Se dantes a história era uma nota de rodapé, Tariq Cherif e Matt Zingler, dois jovens promotores locais, procuraram torná-la numa enciclopédia. Primeiro, testaram as águas: fundaram a Dope Entertainment e organizaram, desde 2010 e por toda a Florida, concertos de rappers como Curren$y, Rick Ross ou Kendrick Lamar. Os lucros obtidos, à altura, não foram os maiores (e até havia avultados prejuízos, pelo menos para a carteira comum). Mas Cherif e Zingler ganharam mais do que dinheiro: ganharam a consciência de que, neste estado, existia um vasto público – ou mercado – interessado em ver concertos de hip-hop.
Tão interessado, que um festival só poderia ser a conclusão óbvia de todas as noites passadas por Cherif e Zingler a contar bilhetes, a preparar salas, a fazer das estrelas ou aspirantes a estrelas musicais amigos para a vida.

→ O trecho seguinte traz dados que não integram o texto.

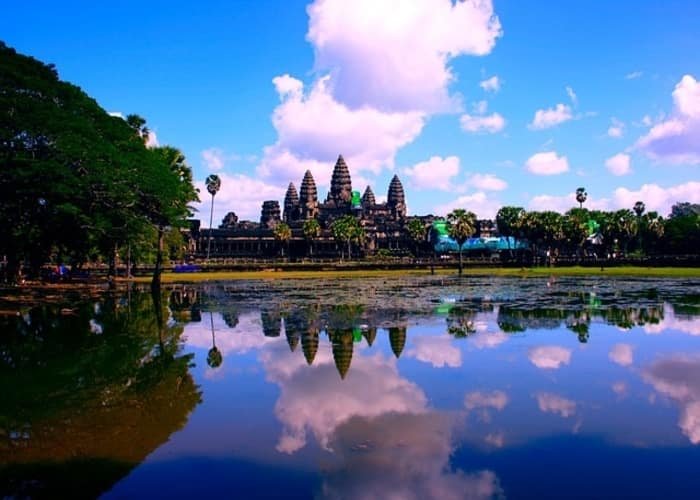 Candi Angkor Wat - Tempat Wisata di Kamboja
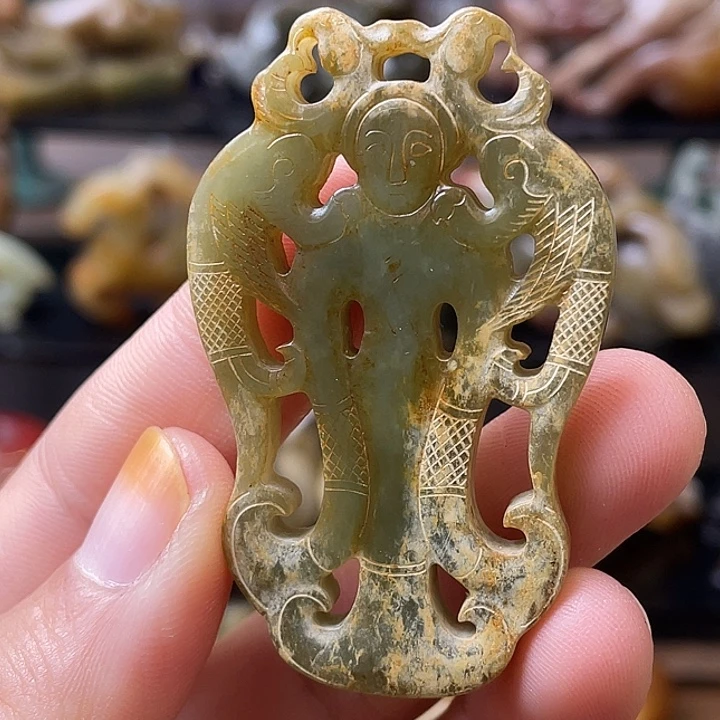 和田玉（糖玉）未镶嵌颈饰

O hip-hop, grosso modo, raramente teve o seu grande dia no que toca a eventos deste tipo. Ao pensarmos em festivais de rock, logo à partida teremos Woodstock na ponta da língua; festivais de cariz independente e/ou alternativo, encontramos o nome “Coachella” alojado no cérebro; festivais de música eletrónica de dança, o Tomorrowland, naturalmente. Mas um festival de hip-hop, apenas e só de hip-hop, tem sido uma coisa muito rara ao longo das mais de quatro décadas de vida do movimento (nos Estados Unidos, apenas o Rock the Bells, que terminou em 2013, conseguiu criar algum burburinho).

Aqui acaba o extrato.